Already the mark’s body was cool; perhaps time was passing more quickly than Shiv realized. Or maybe it was passing much more slowly: in a single dilated instant he discerned the two cut pieces of the strap hovering at each other’s torn edge, longing to be one again. But then they flew away with a robust snap! and the entire assembly lost the tension that had kept it wrapped around Timofey’s body. The effect was so dramatic he fancied that Timofey had come alive and that he would have the opportunity to kill him again. The canister popped open—he now apprehended which two hooks and which three straps had kept it closed—and fell against the gearshift.
Powder spilled out, but not much. Shiv grabbed the canister and shoveled back some of what was on the seat, at least a few thousand dollars’ worth. He couldn’t really see the stuff, but it was warm and gritty between his fingers. He scooped in as much as he could, screwed the cylinder shut, and then dusted off his hands against his trousers. He cut away the rest of the straps, leaving them draped on Timofey’s body. He climbed from the car.
“Good work, lads.”
The two brothers, Andrei and Yegor, each stood nearly two meters tall on either side of their car, which was still parked flush against Timofey’s bumper. They were not twins, though it was often difficult to recall which was which, they were so empty of personality. Shiv, who had called them from the hotel lobby, thought of them as pure muscle. By most standards of measurement, they were of equally deficient intelligence. They spoke slowly, reasoned even more slowly, and became steadily more unreliable the further they traveled from their last glass of vodka. Nevertheless, they were useful, and they could do what they were told, or a satisfactory approximation of it.
“What do you got there?” said Yegor.
“You wouldn’t understand, believe me.”
It was then that he saw that Andrei was holding a gun at his hip, leveling it directly at him. It was some kind of pistol, and it looked ridiculously small in Andrei’s hands. Still, it was a gun. In the old days, no one had a gun, everyone fought it out with knives and brass knuckles and solid, honest fists, and pieces of lead pipe. You couldn’t get firearms. They never reached the market, and the mere possession of one made the cops dangerously angry. But this was democracy: now every moron had a gun.
“Put it away. What did you think, I was going to cut you out?”
Yegor stepped toward him, his arm outstretched. “Hand it over.”
Shiv nodded his head, as if in agreement, but he kept the canister clutched to his stomach. “All right, you’ve got the drop on me.
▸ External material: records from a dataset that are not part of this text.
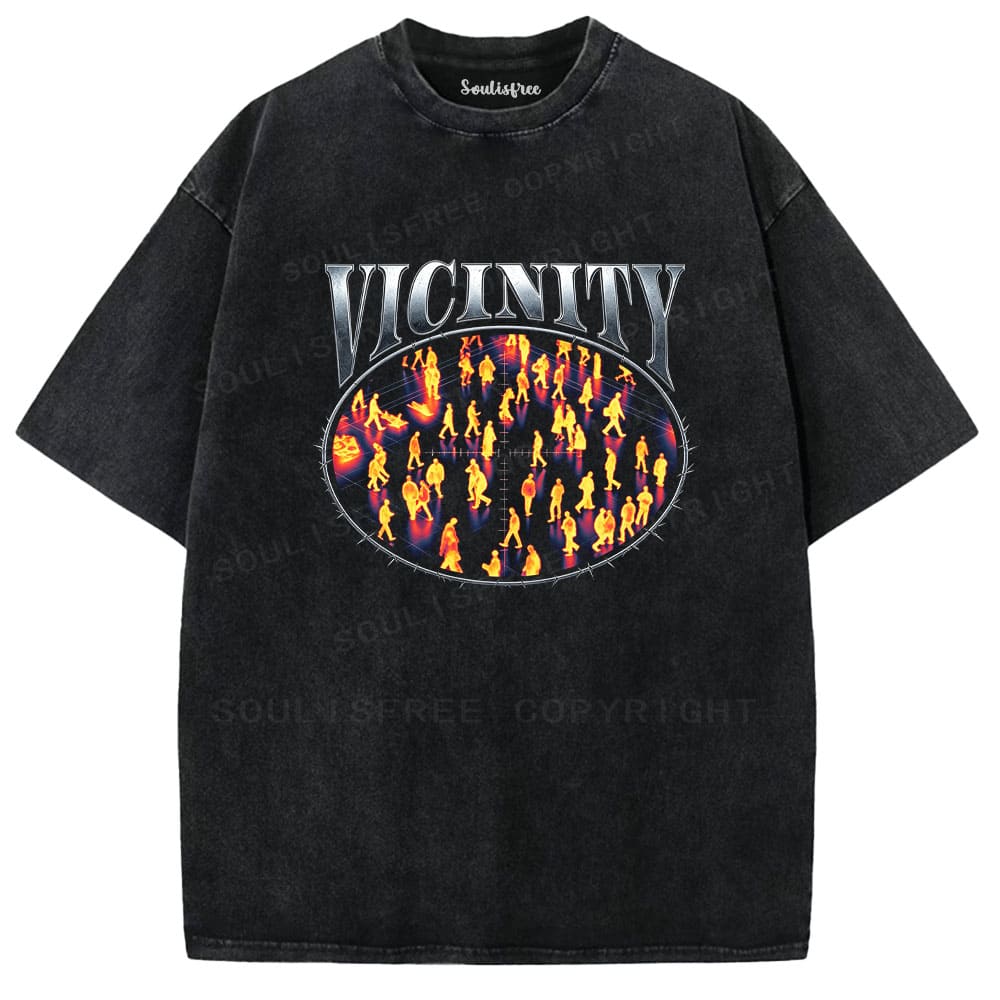 Soulisfree VICINITY Social Commentary Statement Washed Tee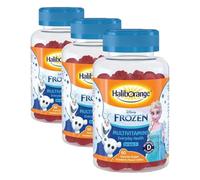 Haliborange Disney Frozen Multivitamin Softies for Kids 3+, 60 Strawberry Gummies - Vitamins A, C, D, E, B6, B12 & Niacin - Supports Immune System, Bone Health & Energy - Character-Shaped Chewable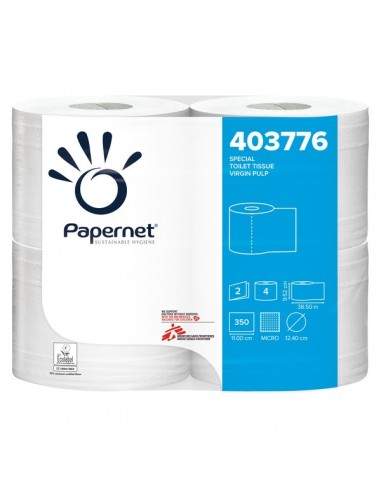 Carta Igienica Papernet - 2 veli - 350 strappi - 403776 (conf.4)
I admit it. I’ll put it in writing if you like. They’ll be talking about this for years. But you’re not going to be able to move it on your own.”
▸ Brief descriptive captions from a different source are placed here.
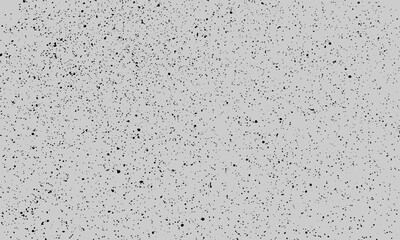 Abstract black grit and grain texture overlay on a white background, perfect for adding a distressed, vintage, or speckled effect to any design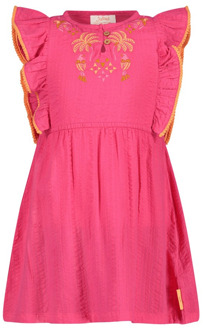 Jubel meisjes jurk Fuchsia - 98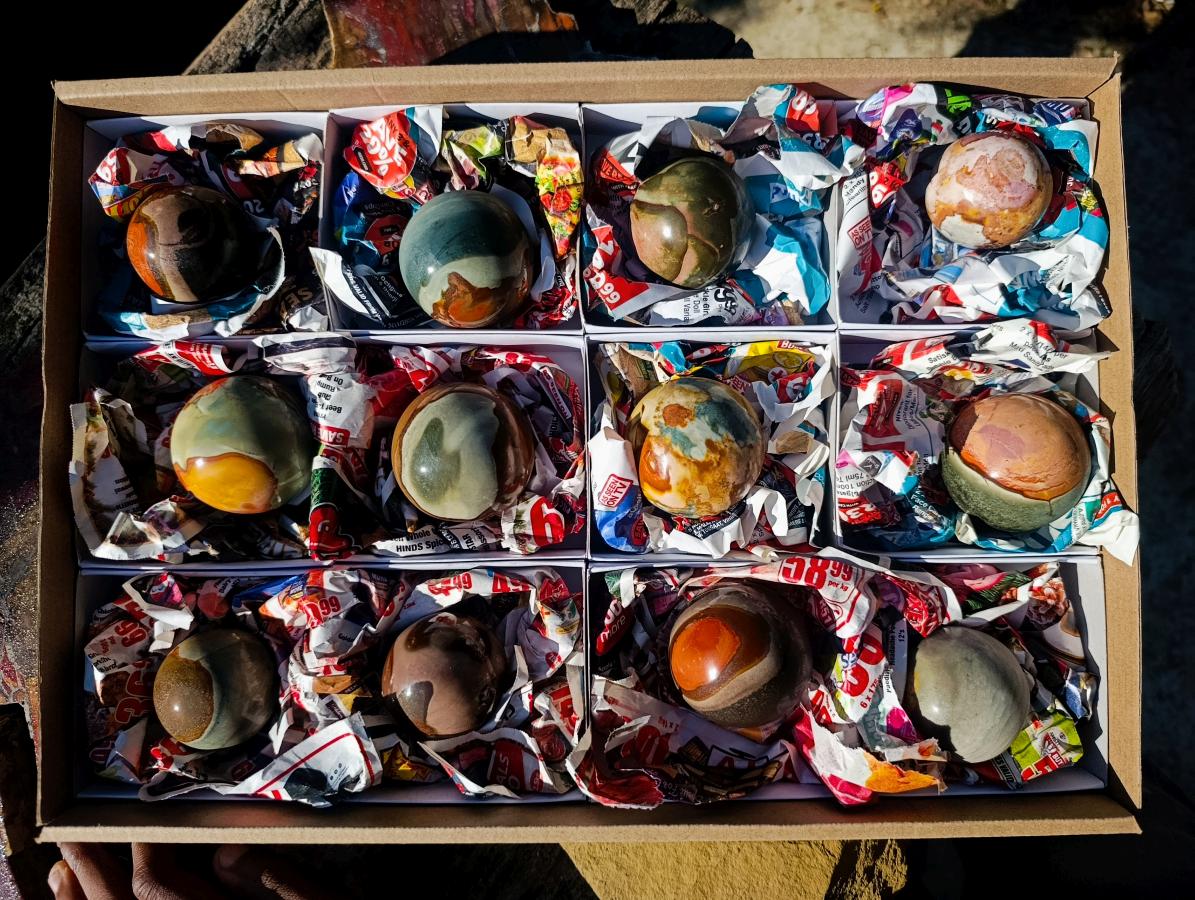 Polished Polychrome Jasper Spheres x 12 From Androka, Madagascar - Toprock Gemstones and Minerals 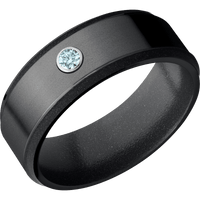 Zirconium + Bead , Polish Finish + Dark Grey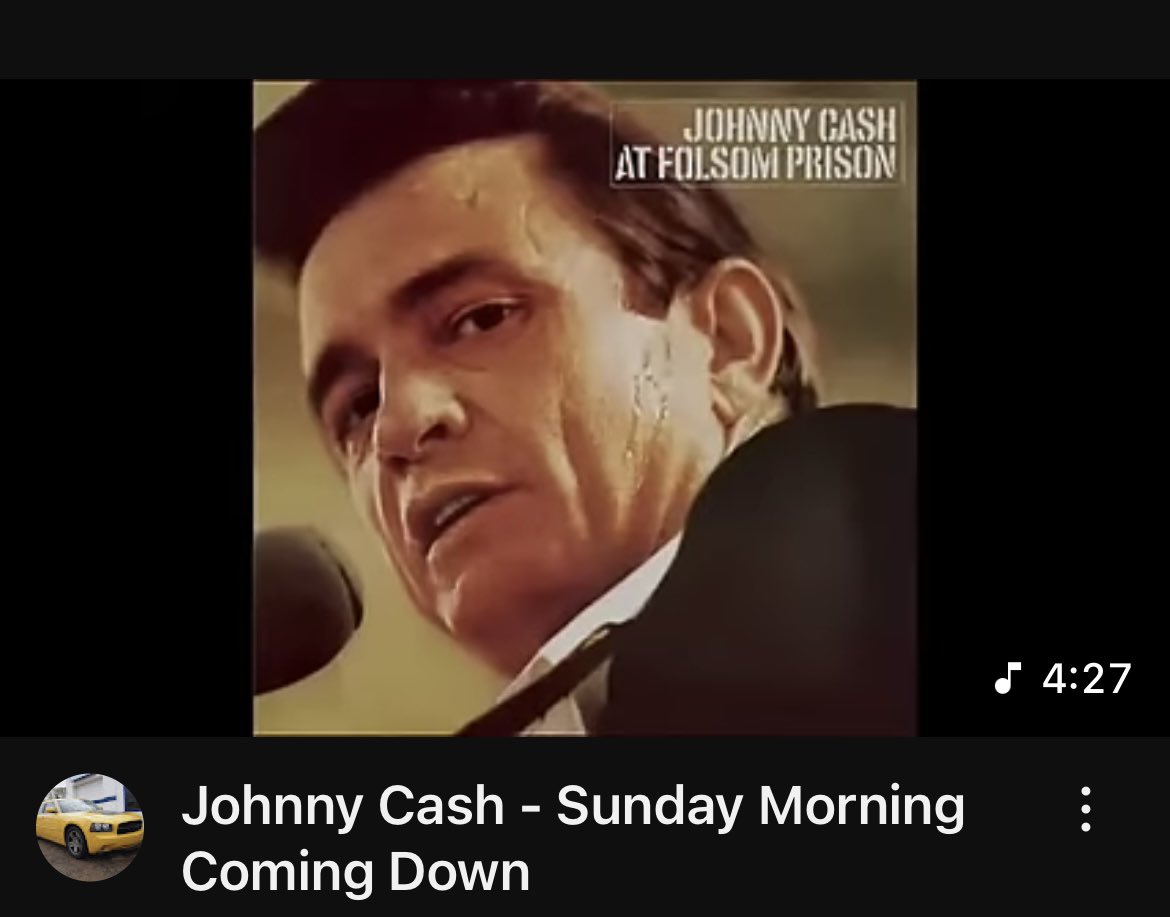 Johnny Cash - Sunday Morning Coming Down youtu.be/P9DuLnd7Tqw?si… via <a href="/YouTube/">YouTube</a>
“Why not?” said Andrei. He raised the gun with both hands. The hands trembled. For a moment, Shiv thought he could see straight down the barrel. “You think we’re stupid.”
“If you want to show me how smart you are, you’ll put down the fucking gun.”
“I don’t have to show you anything.”
“Listen, this is plutonium. Do you know what it is?”
“Yeah, I know.”
“Do you know what’s it’s used for?”
“I don’t got to know. All I got to know is that people will buy it. That’s the free market.”
“Idiot! Who are you going to sell it to?”
“Private enterprise. They’ll buy it from us just like they’d buy it from you. And did you call me an idiot?”